This skill automates voice-to-voice conversations on WhatsApp by transcribing incoming audio locally and replying with locally generated TTS audio. It maintains a conversational loop where every voice message is converted to text, processed as a prompt, and returned both as text and an .ogg voice note. Use it when you prefer talking over typing for fast, natural exchanges.

How this skill works

When WhatsApp receives an audio/ogg/opus file, the skill runs a local transcription tool (whisper-cpp via a helper script) to extract text. The transcribed text is handled as a normal user prompt and a text reply is generated for clarity.
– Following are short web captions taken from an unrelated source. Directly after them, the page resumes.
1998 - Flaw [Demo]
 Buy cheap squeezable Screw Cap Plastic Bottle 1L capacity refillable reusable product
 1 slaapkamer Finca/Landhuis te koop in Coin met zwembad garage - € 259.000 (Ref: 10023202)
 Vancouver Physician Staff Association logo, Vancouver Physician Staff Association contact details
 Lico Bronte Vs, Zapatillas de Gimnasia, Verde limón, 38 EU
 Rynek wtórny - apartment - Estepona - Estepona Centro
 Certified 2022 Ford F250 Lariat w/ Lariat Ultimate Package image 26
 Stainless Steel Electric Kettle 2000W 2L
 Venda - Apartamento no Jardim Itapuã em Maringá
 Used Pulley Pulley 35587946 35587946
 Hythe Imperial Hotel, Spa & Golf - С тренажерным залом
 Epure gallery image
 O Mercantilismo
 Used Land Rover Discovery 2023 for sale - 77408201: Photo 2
The text reply is then converted to speech with a local TTS engine (sherpa-onnx-tts) producing an .ogg file, which is sent back alongside the text message.

When to use it

You want hands-free or faster exchanges than typing.
Chatting in noisy or mobile environments where voice is easier.
Conducting short, real-time voice conversations over WhatsApp.
Testing local-only voice processing without cloud services.
Providing accessibility-friendly voice responses for users.

Best practices

Keep voice prompts concise to preserve low response time (RTF < 0.5s where possible).
Run transcription and TTS on the same host to avoid transfer delays.
Fallback to text if audio quality is low or transcription confidence is low.
Always send both text and audio so recipients can read or play the reply.
Monitor CPU/GPU load of ffmpeg, whisper-cpp, and sherpa-onnx-tts to maintain responsiveness.

Example use cases

Converting incoming WhatsApp voice notes to text and replying with a spoken answer.
Providing a walkie-talkie style interface for rapid team coordination.
Enabling conversational demos where the user says a command and hears the action result.
Offering accessible voice responses for users with visual impairments.
Archiving both the transcribed text and TTS audio for backup or review.

FAQ

Which local tools are required?

ffmpeg for audio handling, whisper-cpp (or equivalent) for transcription, and sherpa-onnx-tts for text-to-speech.

Does the skill always send audio replies?

Yes — it returns both a text message for clarity and an .ogg voice note generated locally.